Altersbedingte Makuladegeneration

Altersbedingte
Makuladegeneration (AMD).

  • Welche Bedeutung hat die Makula für das Sehen?
    • Die Makula (auch gelber Fleck) ist die medizinische Bezeichnung für die Netzhautmitte, die auch die Stelle des schärfsten Sehens ist. Hier wird immer das abgebildet, was wir gerade direkt ansehen, also fixieren. Die weniger deutlich wahrzunehmende Umgebung des Fixierten wird auf die Netzhautbereiche außerhalb der Makula projiziert. Deshalb haben wir ein großes Gesichtsfeld, jedoch nur einen relativ kleinen zentralen Bildausschnitt, mit dem wir scharf sehen.
  • Wie entstehen die Bilder, die wir sehen?
    • Der Vergleich mit einer Fotokamera wird den sehr viel komplizierteren Vorgängen im Auge und dem Sehzentrum im Gehirn zwar nicht gerecht, doch er hilft, sie besser zu verstehen. Durch die Pupille (die Blende) und die Augenlinse (Linse der Kamera) fällt das Licht auf die Netzhaut (Film). Die Netzhaut oder Retina ist die innere der drei Schichten, die den nicht sichtbaren, größten Teil des Augapfels umgeben. Unmittelbar hinter der Netzhaut liegt die für deren Ernährung wichtige Aderhaut, und die äußerste, schützende Hülle bildet die Lederhaut.

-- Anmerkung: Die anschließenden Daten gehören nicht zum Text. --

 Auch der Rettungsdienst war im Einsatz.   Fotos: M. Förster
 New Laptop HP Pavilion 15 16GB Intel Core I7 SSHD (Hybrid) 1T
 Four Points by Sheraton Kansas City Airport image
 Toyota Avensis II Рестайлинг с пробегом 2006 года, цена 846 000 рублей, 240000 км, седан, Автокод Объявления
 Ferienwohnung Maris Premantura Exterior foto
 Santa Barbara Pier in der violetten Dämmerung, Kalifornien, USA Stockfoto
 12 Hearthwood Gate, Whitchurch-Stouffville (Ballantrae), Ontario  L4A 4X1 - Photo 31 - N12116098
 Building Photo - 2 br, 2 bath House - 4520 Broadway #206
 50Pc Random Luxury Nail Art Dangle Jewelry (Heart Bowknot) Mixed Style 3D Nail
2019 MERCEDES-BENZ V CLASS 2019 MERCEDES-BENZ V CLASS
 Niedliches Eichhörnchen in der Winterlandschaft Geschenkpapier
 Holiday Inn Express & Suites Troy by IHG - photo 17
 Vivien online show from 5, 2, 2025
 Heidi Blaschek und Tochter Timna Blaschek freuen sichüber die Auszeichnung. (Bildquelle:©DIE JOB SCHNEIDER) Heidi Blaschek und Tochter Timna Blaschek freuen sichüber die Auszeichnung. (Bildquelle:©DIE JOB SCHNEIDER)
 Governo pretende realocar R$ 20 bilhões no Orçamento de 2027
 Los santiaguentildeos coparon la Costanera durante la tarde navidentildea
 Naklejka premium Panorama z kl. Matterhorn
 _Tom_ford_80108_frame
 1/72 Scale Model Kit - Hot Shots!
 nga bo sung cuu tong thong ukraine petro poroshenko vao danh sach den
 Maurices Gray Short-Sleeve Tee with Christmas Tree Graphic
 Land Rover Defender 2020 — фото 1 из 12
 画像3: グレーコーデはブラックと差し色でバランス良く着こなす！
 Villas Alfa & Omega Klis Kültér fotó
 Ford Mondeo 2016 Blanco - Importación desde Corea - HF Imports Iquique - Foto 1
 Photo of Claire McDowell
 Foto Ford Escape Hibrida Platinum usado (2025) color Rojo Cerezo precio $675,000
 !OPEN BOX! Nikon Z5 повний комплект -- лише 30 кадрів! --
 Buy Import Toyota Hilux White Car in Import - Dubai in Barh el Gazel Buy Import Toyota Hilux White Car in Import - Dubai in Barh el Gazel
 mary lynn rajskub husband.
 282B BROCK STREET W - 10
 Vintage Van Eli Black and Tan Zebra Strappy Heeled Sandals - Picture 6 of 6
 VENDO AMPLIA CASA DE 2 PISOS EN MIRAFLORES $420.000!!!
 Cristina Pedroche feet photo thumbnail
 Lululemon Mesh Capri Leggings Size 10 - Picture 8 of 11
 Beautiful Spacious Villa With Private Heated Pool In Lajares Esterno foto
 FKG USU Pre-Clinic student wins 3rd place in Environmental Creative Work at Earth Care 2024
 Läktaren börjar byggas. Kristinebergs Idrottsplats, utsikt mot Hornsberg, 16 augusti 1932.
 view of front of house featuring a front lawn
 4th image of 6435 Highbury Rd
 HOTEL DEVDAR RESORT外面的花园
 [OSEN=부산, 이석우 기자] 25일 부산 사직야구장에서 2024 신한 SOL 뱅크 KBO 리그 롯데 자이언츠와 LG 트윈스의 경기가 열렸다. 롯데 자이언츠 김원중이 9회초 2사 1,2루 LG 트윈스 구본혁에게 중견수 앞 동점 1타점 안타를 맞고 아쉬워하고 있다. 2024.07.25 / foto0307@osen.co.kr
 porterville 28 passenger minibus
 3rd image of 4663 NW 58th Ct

      Die Netzhaut, die bei unserem Vergleich dem Film in der Kamera entspricht, enthält Millionen von Sinneszellen. Diese werden von den einfallenden Lichtstrahlen gereizt und diese Reize leitet der Sehnerv zum Sehzentrum im Gehirn weiter. Erst dort nehmen wir sie als Bilder wahr. Während der Film in der Kamera überall die gleiche Lichtempfindlichkeit hat, ist die der Netzhaut unterschiedlich.

      Die Makula, der ovale, etwa 2 mm große Bezirk in der Netzhautmitte, enthält die meisten Zapfen. Das sind die empfindlichsten Sinneszellen des Auges. Nur sie befähigen uns zu scharfen Bildwahrnehmungen und zum Erkennen von Farben.

      Vom Rand der Makula nach außen hin nimmt der Anteil der Stäbchenzellen zu. Sie werden vor allem in der Dämmerung aktiv und ermöglichen sogar die Orientierung, wenn es nahezu dunkel ist. Die Funktion der Stäbchen bleibt von Veränderungen der Makula unberührt, darum behalten Patienten mit altersbedingter Makuladegeneration in aller Regel ihr Orientierungsvermögen.
  • Welche Verlaufsformen gibt es?
    • Sehr viele Menschen sind heute von der altersbedingten Makuladegeneration betroffen. In früheren Generationen trat sie wesentlich seltener auf. Das liegt aber nicht daran, dass unsere Vorfahren gesünder lebten, sondern daran, dass wir länger leben. Je älter wir werden, desto höher ist die Wahrscheinlichkeit, dass wir an einer Makuladegeneration erkranken und unsere zentrale Sehschärfe verlieren.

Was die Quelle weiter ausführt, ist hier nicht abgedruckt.